Full Length Research Paper 

Participatory identification and evaluation of sorghum (Sorghum bicolor (L.) Moench) landraces from lower eastern Kenya 

Catherine W  Muui, Reuben M Muasya and Duncan T Kirubi 

1Department of Agricultural Science and Technology, Kenyatta University, P.O. Box 43844-00100, Nairobi, Kenya.

2Department of Dry Land Agriculture, School of Agriculture and Veterinary Sciences, South Eastern Kenya University, P.O. Box 170-90200, Kitui, Kenya.

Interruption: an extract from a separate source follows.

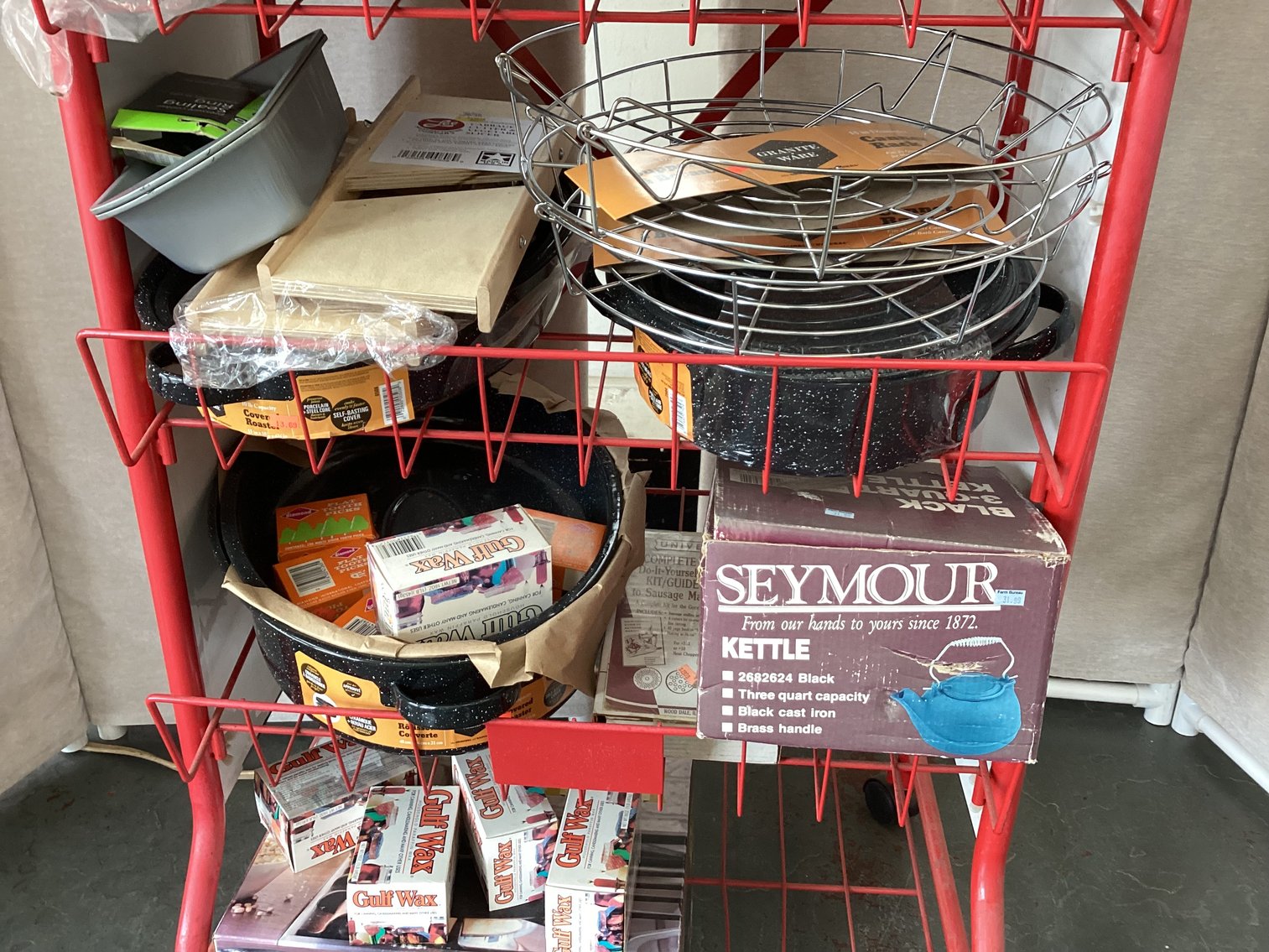 Image for Cooking And Canning Lot with Display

Eastern Province is a major sorghum growing zone in Kenya. There exist different landraces of sorghum that are not yet known. The landraces continue to be maintained by cultural preferences and traditional practices by the farmers. Germplasm collection was done in the major sorghum growing agro ecological zones in eastern province of Kenya as follows; Mbeere in LM3, LM4; Makueni in LM5, LM6; Kitui in LM3, LM4, LM5; and Mutomo in LM4, LM5. The germplasm was collected separately from 120 randomly sampled farmers. At time of collection information on traits preferred and grain use was recorded for each accession. The seed color/name, sample status, region and agro-ecological zone were used to identify the different landraces. Forty four different accessions were collected from different farmers in the region. Data was analyzed using PROC GLIMMIX model of the Statistical Analysis Systems software (SAS Institute, 2005). Parameters studied were expressed as percentages, Analysis of Variance was performed, and Least Significant Differences used for separation of means at 0.05 level of confidence. Mbeere region had the most landraces available with diverse colorations to Kitui, Mutomo and Makueni. The landraces are unique in their adaptation, food quality, grain yield, quality of harvested products, biotic stress resistance and post-harvest processing.These untapped resources could be useful in crop improvement programmes and in food security. The decline in use of the landraces may erode the genetic base and prevent use of distinctive traits in crop adaptation and improvement.